Analogi itu nampak pada berbagai bencana lingkungan di negara kita. Parahnya banjir pasang di Muara karang, Jakarta
Utara yang menimpa masyarakat berpenghasilan rendah dipicu oleh pembabatan hutan bakau dan reklamasi yang
dilakukan oleh kalangan pemilik modal. Rob di kota Semarang yang menerpa warga masyarakat di Bandarharjo,
Sedompyong, Kemijen dipicu oleh alih fungsi lahan tambak dan pengambilan air tanah yang dilakukan oleh pihak lain
yang nota bene tidak tinggal didaerah rob.
Penghancur Hutan Tercepat
Bulan Mei kita dikejutkan publikasi Badan Dunia yang mengurusi pangan dan pertanian (FAO) yang menyebutkan bahwa
laju kerusakan hutan di Indonesia selama rentang waktu 2000-2005 merupakan yang tercepat di dunia. Setiap tahun
rata-rata 1,871 hektar hutan hancur atau 51 kilometer persegi per hari atau 300 lapangan sepak bola setiap jamnya.
Dengan angka itu, Indonesia akan dimasukkan dalam Guiness World Record yang mencatat Indonesia sebagai negara
penghancur hutan tercepat 2008. Meskipun pengumuman rekor itu belum kunjung muncul, namun catatan FAO itu pantas
menjadi perhatian kita semua.

Seiring dengan Konferensi di Bali, upaya memulihkan kondisi hutan sekaligus menyumbang pengurangan emisi diajukan
melalui skema REDD (Reduction Emission from Deforestration and Destruction) atau pengurangan emisi dari
deforestratasi dan kerusakan lahan melalui perdagangan karbon. Negara berkembang yang mampu memelihara
hutannya akan memperoleh kompensasi dari negara maju yang dihitung dari kemampuan hutan menyerap karbon. Dana
REDD cukup menggiurkan. Indonesia memiliki potensi memperoleh dana REDD sebesar Rp 1,8 triliun per tahun. Namun
demikian, perdagangan karbon ini menyulut kontroversi. Negara maju sebagai penghasil emisi yang besar tidak memiliki
kewajiban menurunkan emisinya karena telah membeli karbon di negara berkembang.

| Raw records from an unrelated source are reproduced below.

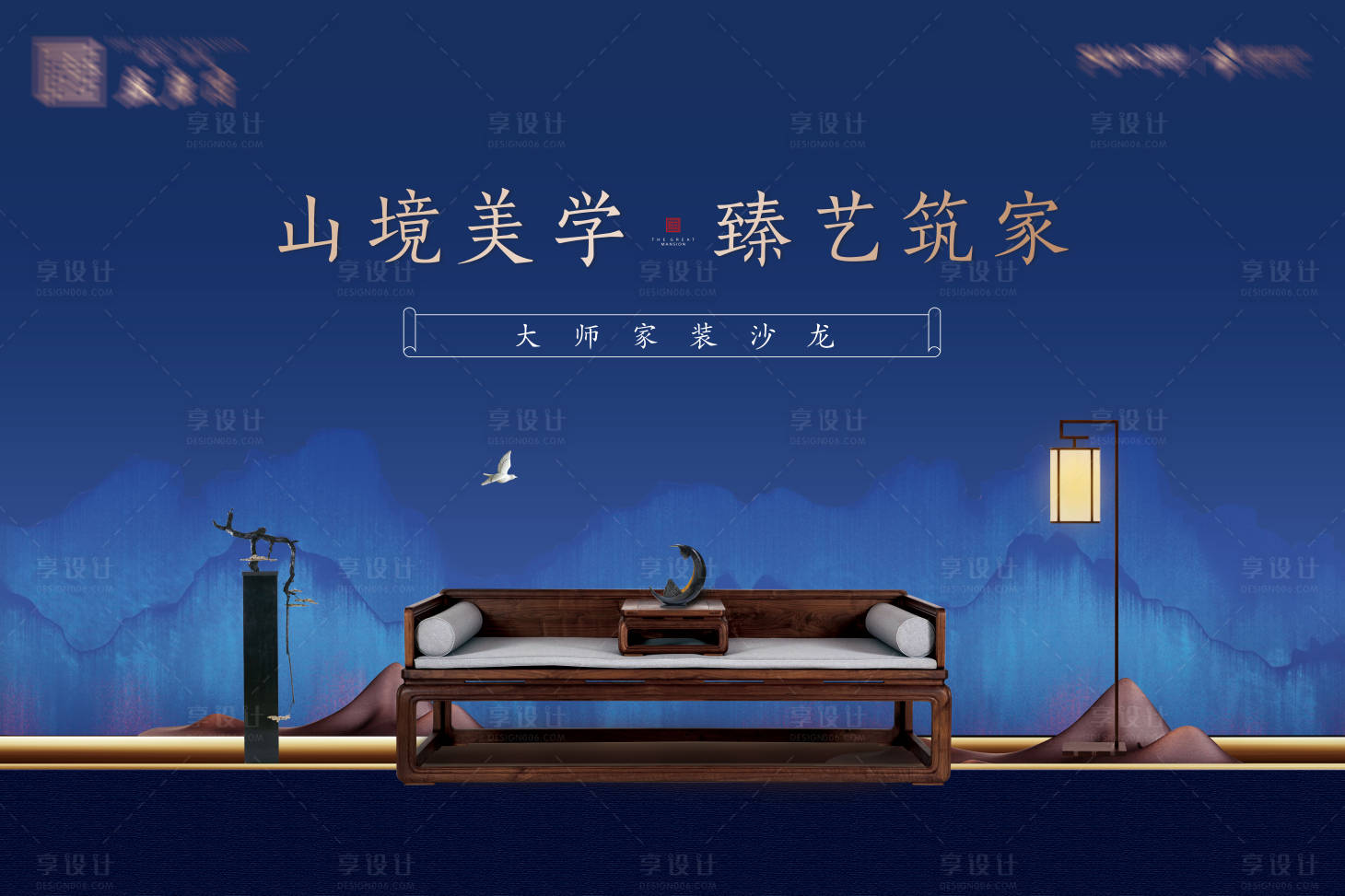 新中式家装活动背景板-源文件【享设计】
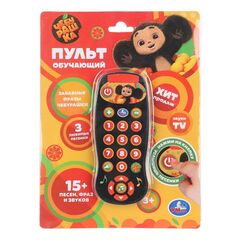 Пульт музыкальный "Чебурашка", 15 песен, фраз и звуков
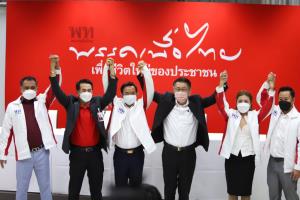 “เพื่อไทย” ดึงเลือดเก่า “สุพงษ์พิช รุ่งเป้า” อดีต ส.ส.โคราช สมัยไทยรักไทย เข้าพรรค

Skema ini dipandang tidak adil, karena negara maju akan terus menikmati kemewahan, sementara negara berkembang
harus menjaga hutan yang digaransikan dan tidak boleh dipergunakan untuk peruntukan lain. Kalangan LSM yang
menolak skema tersebut berargurmen bahwa fungsi hutan bukan hanya untuk menyerap karbon. Ia memiliki fungsi
sebagai pengatur tata air, pencegah erosi, penghasil keanekaragaman hayati yang selama ini dimanfaatkan oleh
masyarakat adat dan sekitar hutan. Kalangan LSM juga mengkhawatirkan, makin terdesaknya masyarakat adat di sekitar
hutan atas nama kepentingan negara maju. Di dalam negeri, muncul kekhawatiran akan pendayagunaan uang hasil
perdagangan karbon. Selama tata pemerintahan belum bersih, penyelewengan penggunaan dana perdagangan karbon
akan berpotensi terjadi. Nah, ternyata masih banyak PR menunggu di tahun baru. (11)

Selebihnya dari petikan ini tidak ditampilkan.